EvalPartners, a major player in the global movement to strengthen evaluation capacity, including systems that are equitable, is co-sponsoring Global Evaluation Week to commemorate the United Nations designation of 2015 as the International Year of Evaluation and to launch its 2016-2020 evaluation agenda.

As co-chair of EvalYouth, a new EvalPartners global initiative to engage young and emerging evaluators (YEE), promote innovation in the evaluation practice of YEE, and serve as mechanism for exchanging learning and knowledge among and for YEE, Montrosse-Moorhead will be helping to launch that initiative and announcing its three-year agenda at the conference.

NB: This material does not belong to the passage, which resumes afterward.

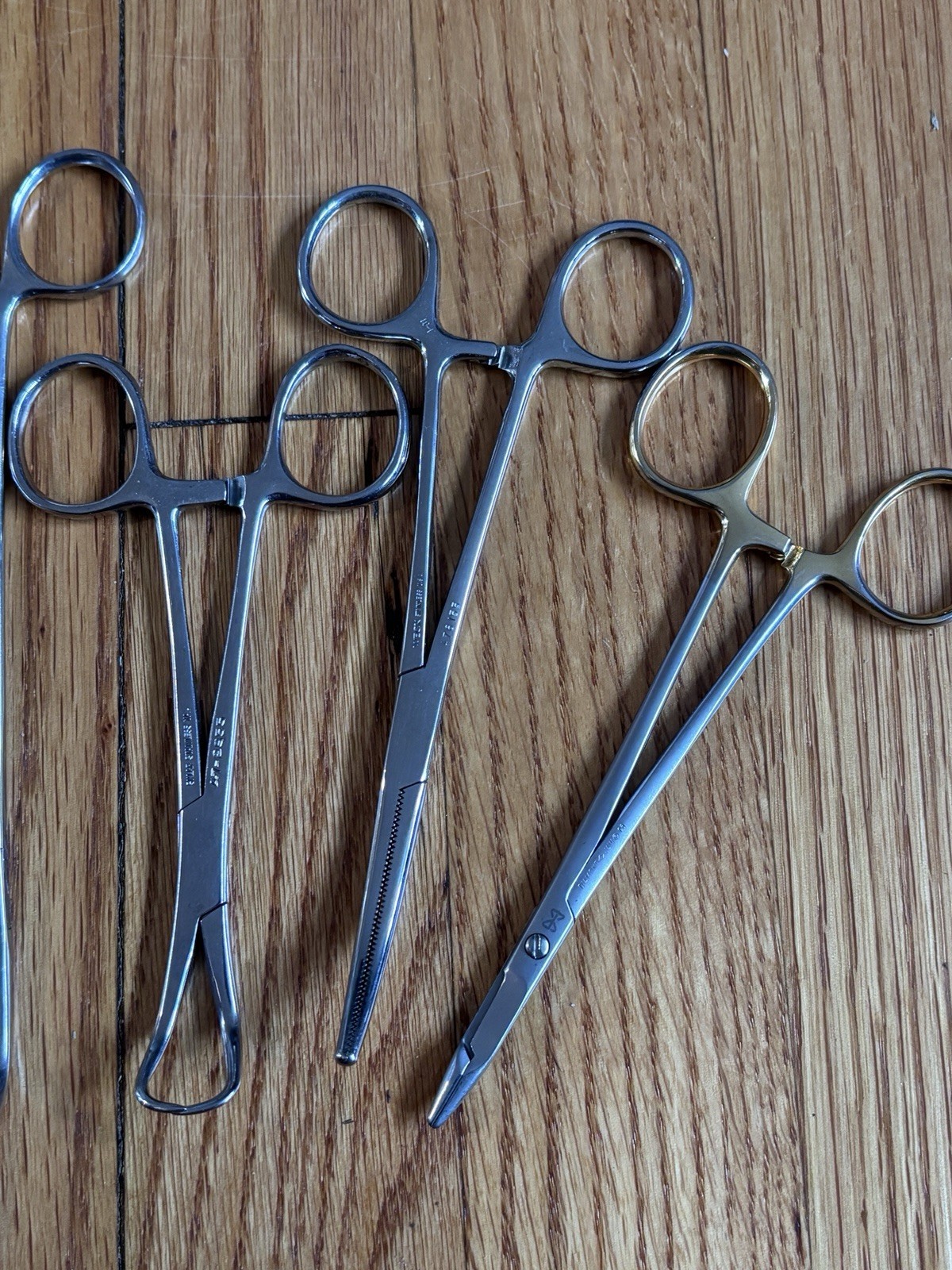Lot Of 5 Diamond & Various Brands Mosquito Forceps, Curved And Straight.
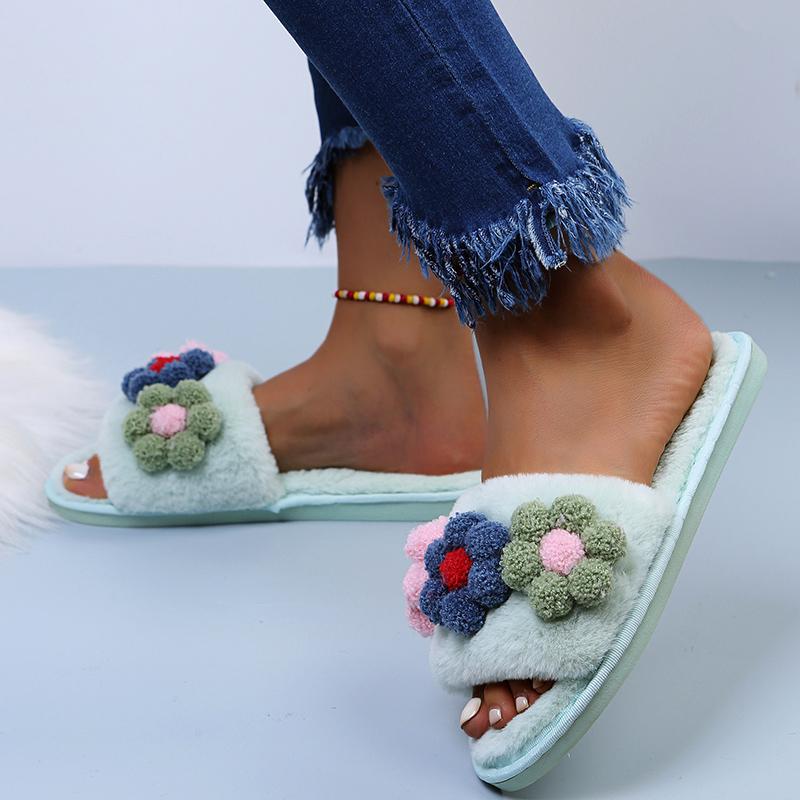 Fashion Fashion Flower Short Plush Cotton Slippers Women 2025 Autumn Round Toe Soft Thick Bottom Slides Sexy Faux Fur Outdoor Slippers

Delegates to the conference include representatives from the United States, Canada, Australia, New Zealand, Latin America, the Caribbean, Africa, Afghanistan, Bangladesh, Bhutan, Nepal, Pakistan, Maldives, Sri Lanka, India, to name a few. Delegates representing the European Evaluation Society, which has members from Romania, Norway, Portugal, France, Germany, Belgium, Luxembourg, Spain, Finland, Sweden, Denmark and the United Kingdom, will also be present. The full list of countries in attendance at this meeting can be found here (http://ioce-vopes.wildapricot.org/directory).

“It’s important that conversations around evaluation are not dominated by countries that are bigger or financially stronger,” Montrosse-Moorhead says. “Evaluation practice is tied to context, it’s important that you’re not setting priorities that people can’t agree to or can’t meet. There are quality and ethical standards in the U.S. and around the world that guide evaluation practice – and part of producing high quality evaluations and being ethical is to make sure you’re inclusive of those standards.”

During the Third Conclave of the Community of Evaluators-South Asia, which will be held in conjunction with the Parliamentarians Forum for Development Evaluation during Global Evaluation Week, she will be sharing her expertise and experiences in a presentation titled “Building the Capacity for Evaluation: Stages, Tensions, and Tipping Points in the U.S. Context.”

“I’ve always worked with or for the government – the State Department of Education, the National Science Foundation, the U.S. Department of Education – and thought it would be good to offer examples of how evaluations happen in a U.S. context, including how it has shifted over time,” she says. “And also reflect on how the U.S. evaluation context is similar to and different from the evaluation context in other counties. I welcome that kind of feedback on the paper.”

In the classroom, Montrosse-Moorhead uses case studies and examples of practice from her own career to help students develop “evaluative habits of mind,” a term she developed for the skills that go beyond the technical skills evaluators need to know to be able to engage in high-quality, relevant, and actionable evaluation. Now she’ll be able to incorporate lessons learned and feedback from her international colleagues to provide UConn students with a broader context of program evaluation.

Bianca is an assistant professor of Measurement, Evaluation, and Assessment at the University of Connecticut, as well as, the coordinator of the Graduate Certificate in Program Evaluation.